WHAT TO WORK ON
When you reach the line holding "1 pair NEW FPR4K-RACK-MNT", please begin to restate the lines word for word and continue through the last one in the material, excluding pictures.
________________________________________
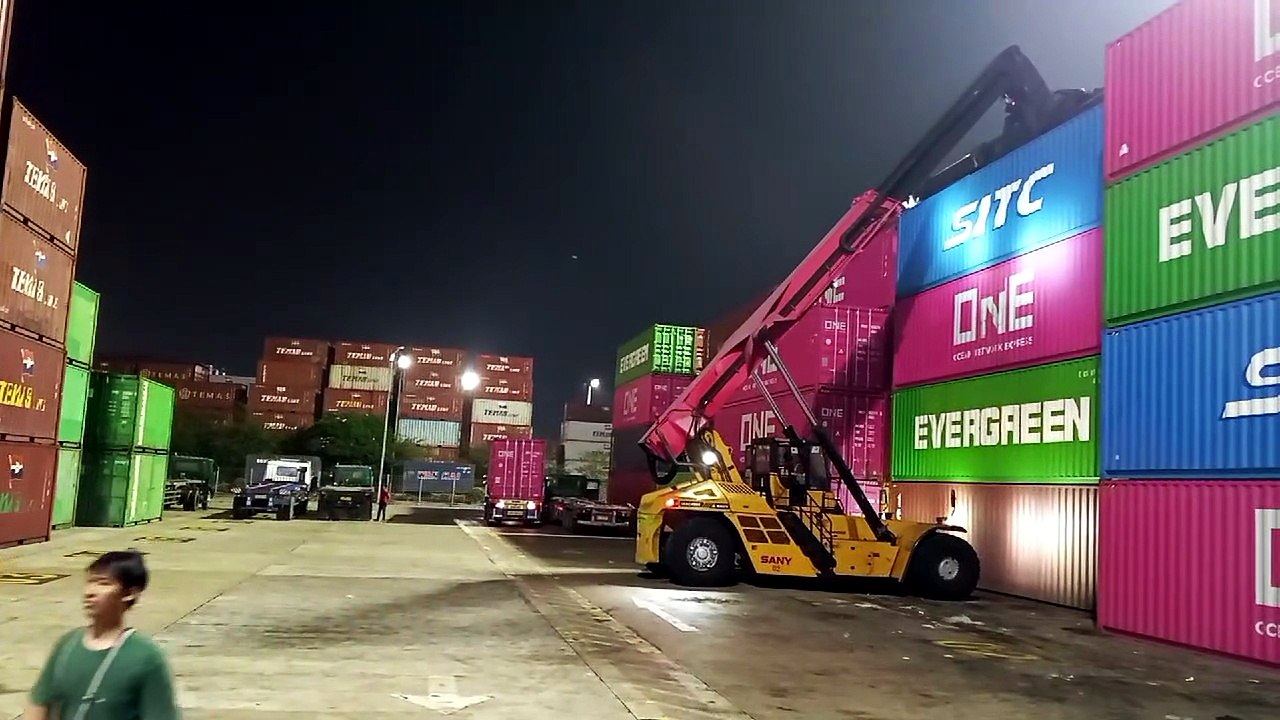SITC export container shipment to India
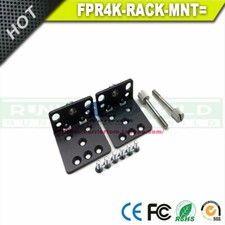 1 pair NEW FPR4K-RACK-MNT Rack Mount Bracke For CISCO FPR4140-ASA-K9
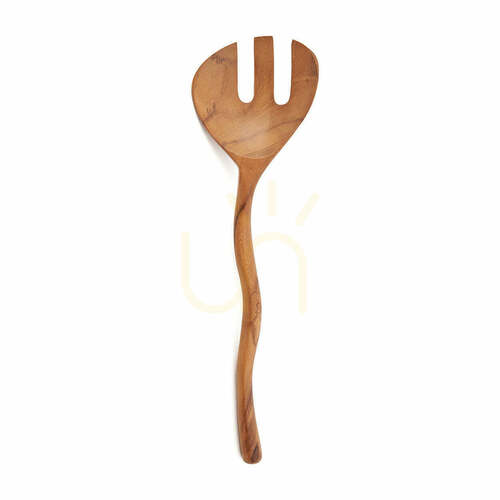 Skontrolujte Šalátová vidlička z teakového koreňa 27 cm, prírodná, Teak Root Collection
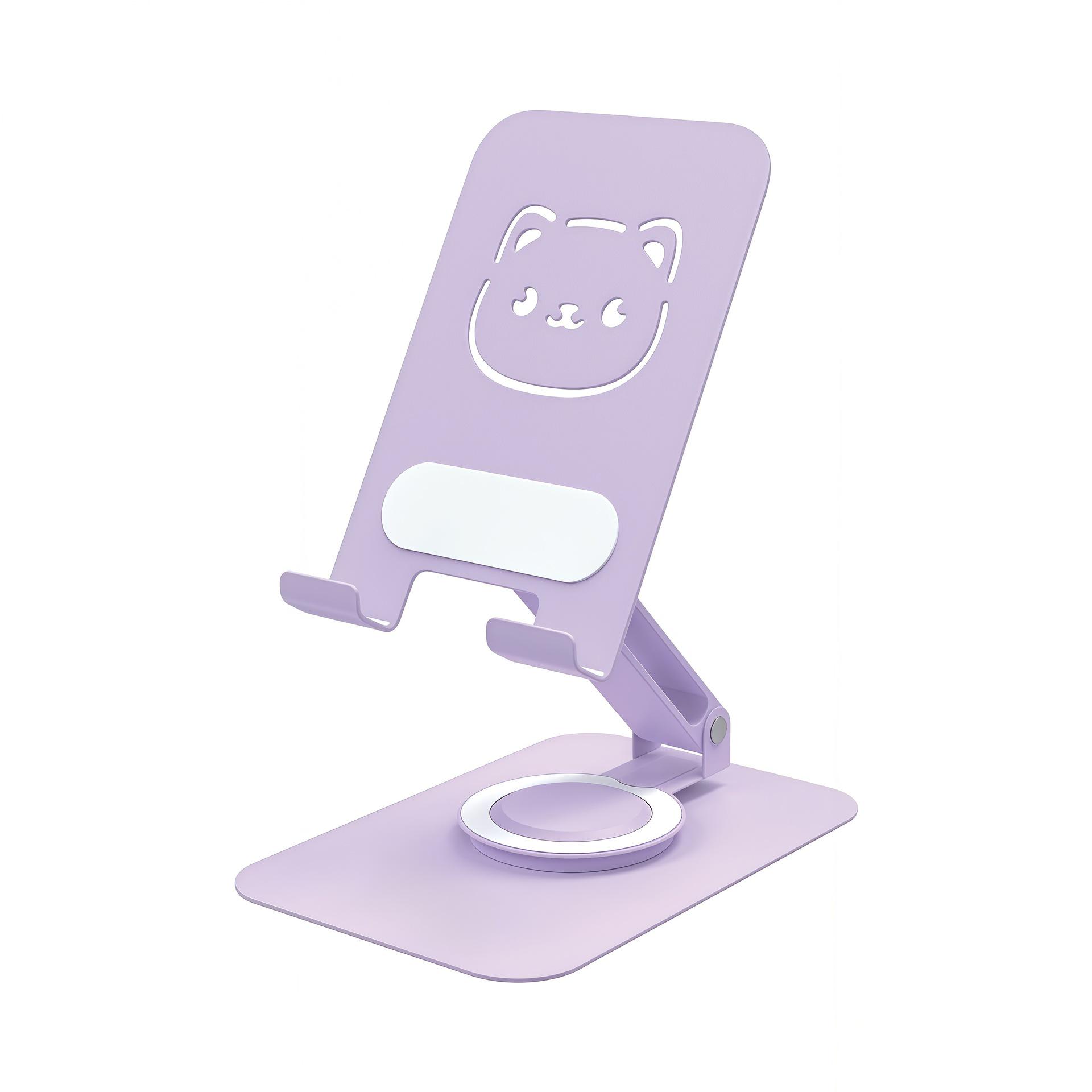Macaron Desktop Phone & Tablet Stand - Customizable Logo, Metal, Ideal for Office & Live Broadcast Фіолетовий
Macaron Desktop Phone & Tablet Stand - Customizable Logo, Metal, Ideal for Office & Live Broadcast Фіолетовий
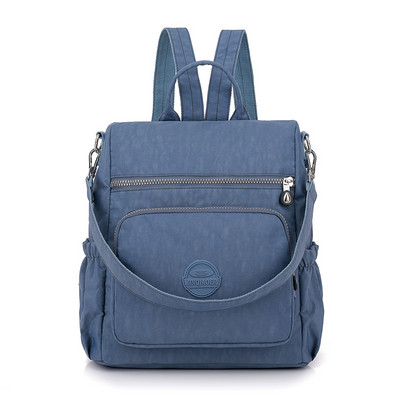 Ūdensizturīga sieviešu tekstila mugursoma vairākās krāsās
________________________________________
RESULT FOR THIS EXERCISE
 1 pair NEW FPR4K-RACK-MNT Rack Mount Bracke For CISCO FPR4140-ASA-K9
 Skontrolujte Šalátová vidlička z teakového koreňa 27 cm, prírodná, Teak Root Collection
Macaron Desktop Phone & Tablet Stand - Customizable Logo, Metal, Ideal for Office & Live Broadcast Фіолетовий
Macaron Desktop Phone & Tablet Stand - Customizable Logo, Metal, Ideal for Office & Live Broadcast Фіолетовий
 Ūdensizturīga sieviešu tekstila mugursoma vairākās krāsās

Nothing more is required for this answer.